- _Task details_
Where the listing below reaches the line containing "Casa em condomínio", start writing out lines exactly, and stop once the line containing "Jordan Valley One" has been written.

- _Data to use_
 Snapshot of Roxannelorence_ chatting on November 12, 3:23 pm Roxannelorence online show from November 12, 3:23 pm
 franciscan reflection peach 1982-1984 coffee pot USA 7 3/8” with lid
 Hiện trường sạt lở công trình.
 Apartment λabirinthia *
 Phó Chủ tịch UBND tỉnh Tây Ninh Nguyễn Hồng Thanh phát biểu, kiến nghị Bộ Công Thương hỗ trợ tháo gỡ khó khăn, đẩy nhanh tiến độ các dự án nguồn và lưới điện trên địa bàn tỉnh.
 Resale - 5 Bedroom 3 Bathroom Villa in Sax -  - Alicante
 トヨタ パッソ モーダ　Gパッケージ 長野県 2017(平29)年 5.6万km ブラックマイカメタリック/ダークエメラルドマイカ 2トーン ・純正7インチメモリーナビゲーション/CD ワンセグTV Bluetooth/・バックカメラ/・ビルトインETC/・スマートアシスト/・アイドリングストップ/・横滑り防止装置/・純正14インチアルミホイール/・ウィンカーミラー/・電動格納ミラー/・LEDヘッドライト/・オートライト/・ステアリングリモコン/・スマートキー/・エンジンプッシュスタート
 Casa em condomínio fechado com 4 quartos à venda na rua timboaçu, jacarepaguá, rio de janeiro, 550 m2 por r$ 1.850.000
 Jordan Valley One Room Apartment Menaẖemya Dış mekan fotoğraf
==
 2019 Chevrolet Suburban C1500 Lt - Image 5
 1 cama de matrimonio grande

- _Output below_
 Casa em condomínio fechado com 4 quartos à venda na rua timboaçu, jacarepaguá, rio de janeiro, 550 m2 por r$ 1.850.000
 Jordan Valley One Room Apartment Menaẖemya Dış mekan fotoğraf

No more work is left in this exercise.